Masih ada beberapa notifikasi di ponsel tersebut, namun yang membuat Nasya kembali menyalakan layar ponsel Sakha adalah sebuah notifikasi yang baru saja masuk dua menit yang lalu.
❤
Have fun, Ar! Abis itu kamu langsung jemput ...
Hanya sebaris kalimat itu yang bisa Nasya baca. Karena ponsel Sakha terkunci dan Nasya tidak bisa membukanya.
Tubuh Nasya langsung melemas. Siapa orang yang dinamai Sakha hanya dengan tanda love seperti itu? Kenapa orang itu seakan tau jika Sakha sedang bersenang-senang bersama dengan dirinya?
Nasya tidak bisa memikirkan apapun sekarang. Ia hanya menatap ponsel Sakha dengan nanar.
"Sayang?"
Panggilan Sakha akhirnya menyadari lamunan Nasya. Ia menatap Sakha dengan penuh tanya, tetapi Nasya tidak mau menanyakan hal itu kepada Sakha sekarang. Nasya tidak ingin ada masalah apapun di dalam hubungannya. Sakha-nya sudah kembali. Sakha-nya tidak akan mungkin menyakiti Nasya lagi.
Nasya berusaha memasang raut wajah setenang mungkin, ia tidak boleh terlihat aneh di hadapan Sakha. "Kak Sakha habis ini mau kemana lagi?" tanya Nasya.
"Aku antar kamu pulang, ya."
Nasya tidak suka dengan jawaban Sakha. Nasya masih ingin menghabiskan waktu berdua dengan kekasihnya itu.

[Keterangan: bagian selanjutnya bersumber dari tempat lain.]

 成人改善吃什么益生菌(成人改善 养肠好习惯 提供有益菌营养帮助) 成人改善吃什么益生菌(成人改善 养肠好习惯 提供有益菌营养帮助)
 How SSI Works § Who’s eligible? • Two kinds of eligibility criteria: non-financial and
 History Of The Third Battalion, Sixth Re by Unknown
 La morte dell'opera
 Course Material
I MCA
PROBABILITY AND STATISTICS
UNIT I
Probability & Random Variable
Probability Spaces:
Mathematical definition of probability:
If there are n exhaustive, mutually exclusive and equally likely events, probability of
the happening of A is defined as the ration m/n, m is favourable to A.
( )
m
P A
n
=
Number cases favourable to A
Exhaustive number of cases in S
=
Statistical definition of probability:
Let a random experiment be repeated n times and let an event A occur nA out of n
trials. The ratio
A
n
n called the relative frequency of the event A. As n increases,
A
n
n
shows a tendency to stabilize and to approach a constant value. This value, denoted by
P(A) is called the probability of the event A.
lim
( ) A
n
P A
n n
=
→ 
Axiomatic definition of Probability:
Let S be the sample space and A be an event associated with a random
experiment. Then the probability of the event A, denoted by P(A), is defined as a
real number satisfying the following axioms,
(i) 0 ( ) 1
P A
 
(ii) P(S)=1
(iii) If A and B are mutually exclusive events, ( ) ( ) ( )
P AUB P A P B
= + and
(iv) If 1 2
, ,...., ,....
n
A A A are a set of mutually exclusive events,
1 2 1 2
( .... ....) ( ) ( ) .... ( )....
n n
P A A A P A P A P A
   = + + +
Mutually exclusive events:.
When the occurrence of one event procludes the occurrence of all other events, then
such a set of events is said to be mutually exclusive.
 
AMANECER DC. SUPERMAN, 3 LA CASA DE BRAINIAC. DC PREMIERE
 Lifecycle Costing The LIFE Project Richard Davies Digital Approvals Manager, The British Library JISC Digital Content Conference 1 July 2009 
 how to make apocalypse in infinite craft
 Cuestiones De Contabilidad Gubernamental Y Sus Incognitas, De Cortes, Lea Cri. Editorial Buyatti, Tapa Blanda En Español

"Yah, kok pulang?" Nasya menekuk bibirnya, menatap Sakha dengan sedih.
"Eh kok mukanya sedih gitu?" Sakha tertawa kemudian menghampiri Nasya lalu mengajaknya berdiri, "Ini sudah malam, sayang. Kita masih bisa bertemu besok." Sakha tersenyum menenangkan.
Nasya menghembuskan napasnya perlahan-lahan, lalu ia menunduk dalam. "Yaudah, ayo pulang ..." Sembari menunduk, Nasya mengambil tangan Sakha, lalu ia bawa ke dalam genggamannya.
Mereka berdua pun akhirnya meninggalkan tempat makan tersebut.
Sepanjang jalan menuju parkiran, dengan tangan Sakha yang ia genggam erat, Nasya terus memikirkan siapa orang yang diberi nama oleh Sakha seperti itu? Apakah memang ada wanita lain di hidup Sakha? Kalau iya, mengapa Sakha justru kembali padanya? Mengapa Sakha memutuskan untuk melangkah ke jenjang yang lebih serius dengannya?
Apa harus Nasya tanyakan itu pada Sakha sekarang? Nasya menggeleng pelan, tidak-tidak. Ia tidak boleh gegabah. Ia harus mencari tahu sendiri siapa orang tersebut.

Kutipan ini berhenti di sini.